Faculty Member, Information and Communication Sciences
About
Dr. Jay Gillette is Professor of Information and Communication Sciences at Ball State University’s Center for Information and Communication Sciences (CICS) in Indiana, USA. He is a Research Associate in its Applied Research Institute, and serves as Director of its Human Factors Institute. He is a Senior Research Fellow and Secretary (Officer) at the university’s Digital Policy Institute.
Dr. Gillette teaches and conducts research in the CICS graduate Center at Ball State University, with a focus on the interaction of humans and information and communication technologies (ICT). He is particularly interested in technology policy that aids economic and community development, in addition to his ICT technical work in Human Factors and Usability Experience engineering.
Dr. Gillette is a member of the Pacific Telecommunications Council (www.ptc.org), an international NGO for Pacific hemisphere telecommunications development. From 2004-2012 he has been elected to its international Advisory Council, and served a two-year term as Chairman. He is also on the North American Steering Committee of the Global Forum, an international invited conference often called "the Davos of IT."
As a technology journalist, he has covered the Global Forum and PTC's Honolulu conferences as well as the associated Intelligent Communities Forum as a correspondent for Network World, USA’s leading trade journal for enterprise networking, where his articles are widely available and reprinted worldwide.
He has been a visiting professor at the University of Oxford. He also was Professor and Associate Chair of the Department of Information Networking and Telecommunications at Fort Hays State University in Kansas.
Dr. Gillette served as a Senior Policy Fellow at the Docking Institute of Public Affairs in Kansas, and as a Senior Fellow of Information Technology and Telecommunications at the Center for the New West, in Colorado. His main policy interests emphasize regional economic and community development with technology and educational catalysts.
He worked at Bellcore (Bell Communications Research, now Telcordia Technologies) as Program Manager in its Information Networking Institute and as Senior Technical Planner and Senior Project Manager in its Information Management Services division. He was a member of the industry team that helped develop Carnegie Mellon University’s graduate degree in Information Networking.

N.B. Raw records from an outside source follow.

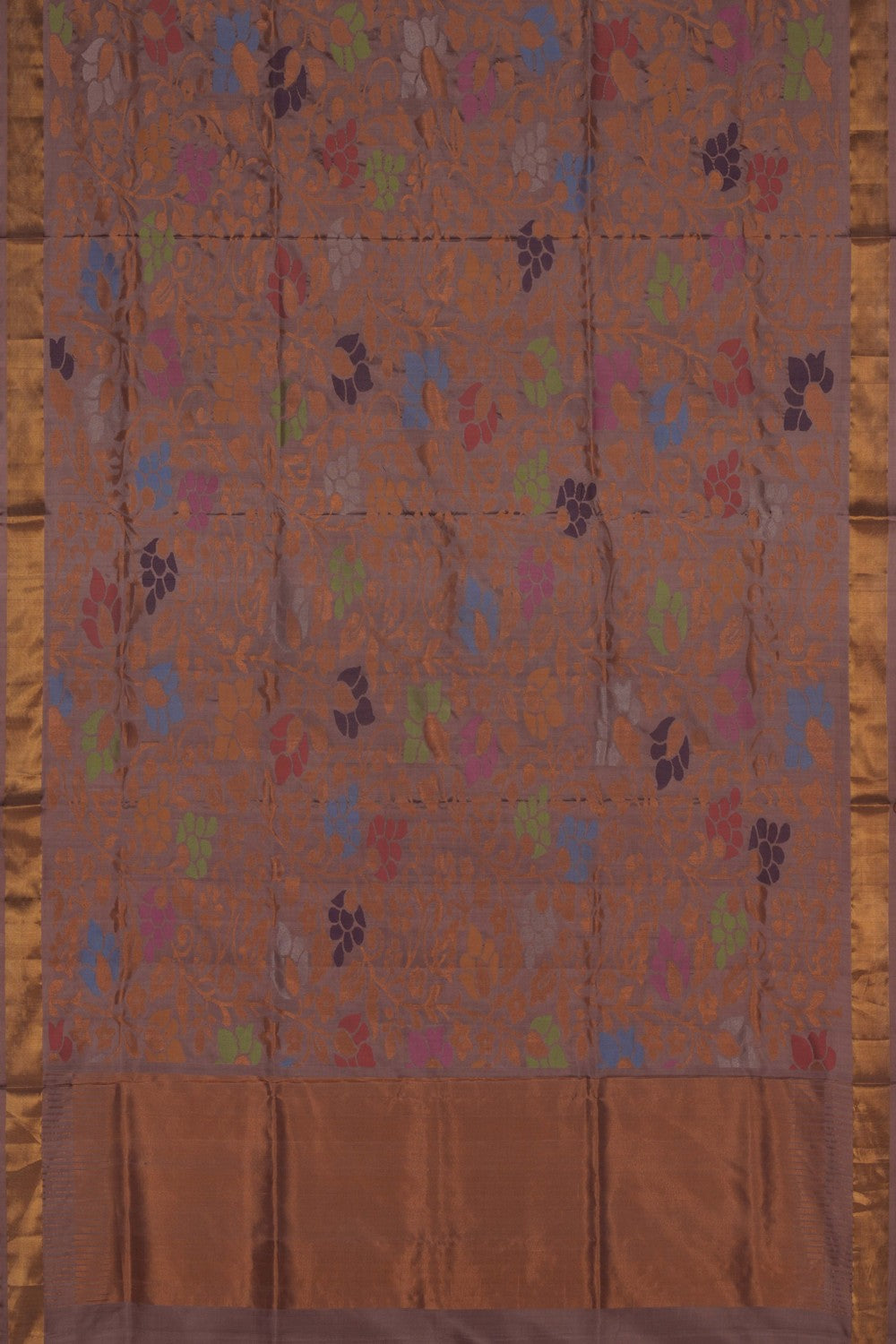 Image of Uppada Beige Silk Saree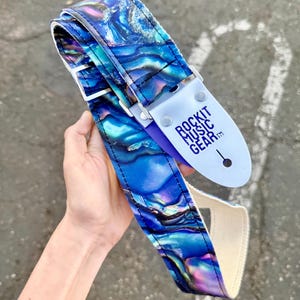 Guitar Pick Pattern Guitar Strap - Abalone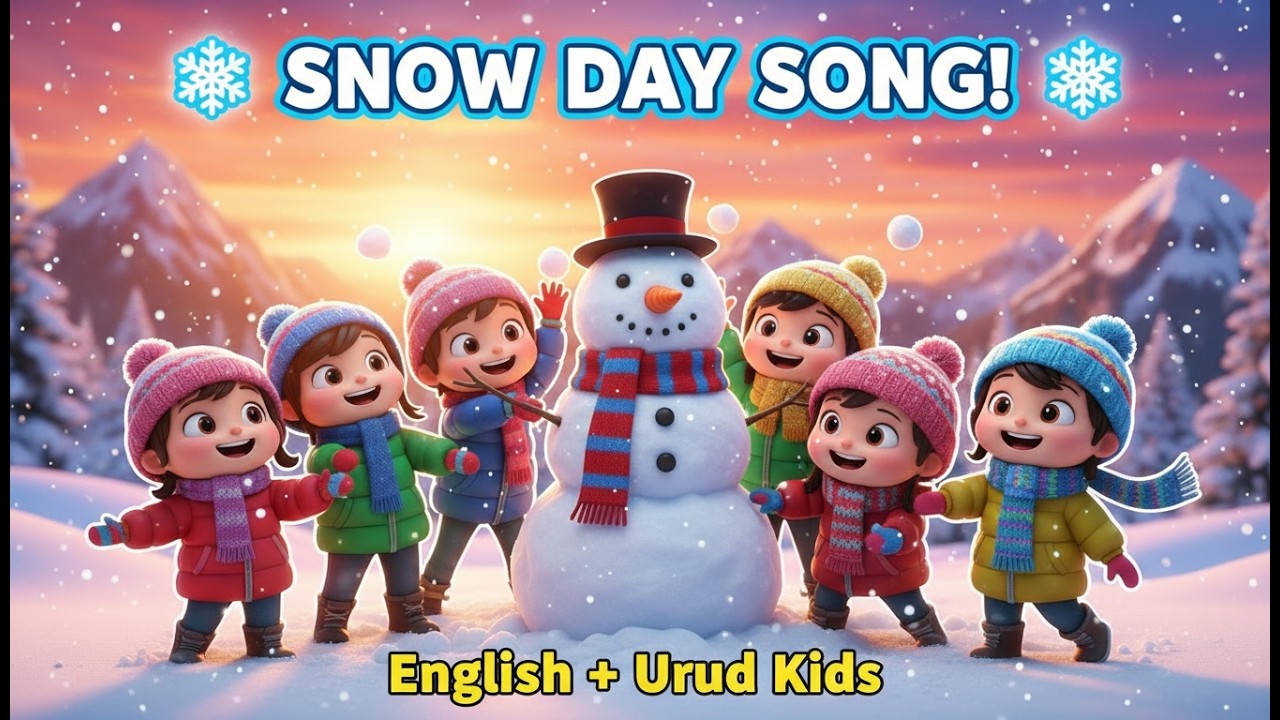 ❄️ Snowy Mountain Picnic Song | English & Urdu Kids Animation 🌨️🎶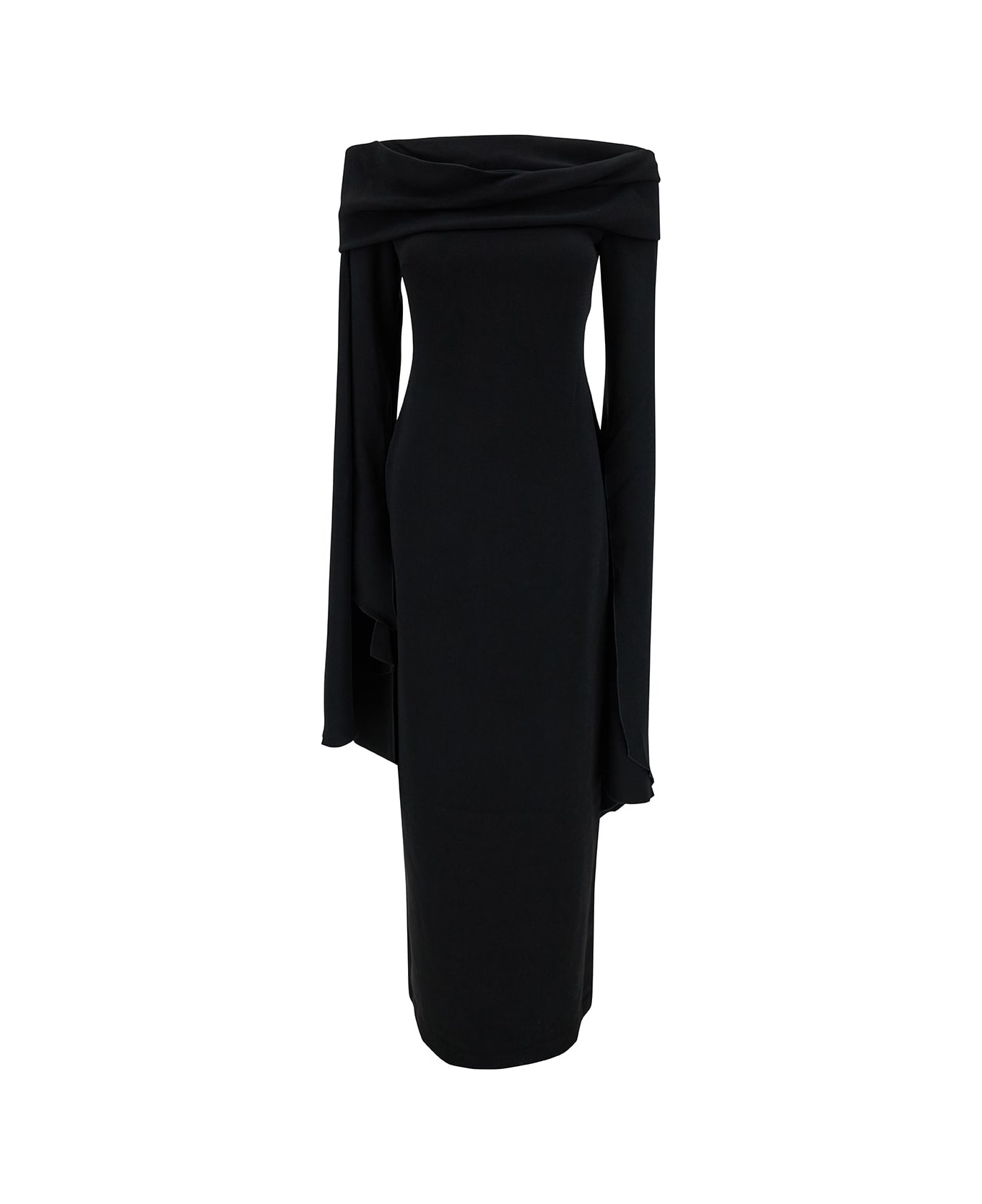 Solace London 'arden' Long Black Dress With Extra Long Dress In Fabric Woman - Black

Earlier, Dr. Gillette was a professor of humanities and technical communication at the Colorado School of Mines. He also was an editor on the staff of the Mark Twain Papers at the Bancroft Library, University of California, Berkeley. He earned his graduate degrees in English at the University of California, Berkeley, and undergraduate in Literature at the University of California, San Diego. In addition to his work in the information economy, Dr. Gillette has research interests in the impact of the industrial revolution in global and American culture, and in Mark Twain's life and work.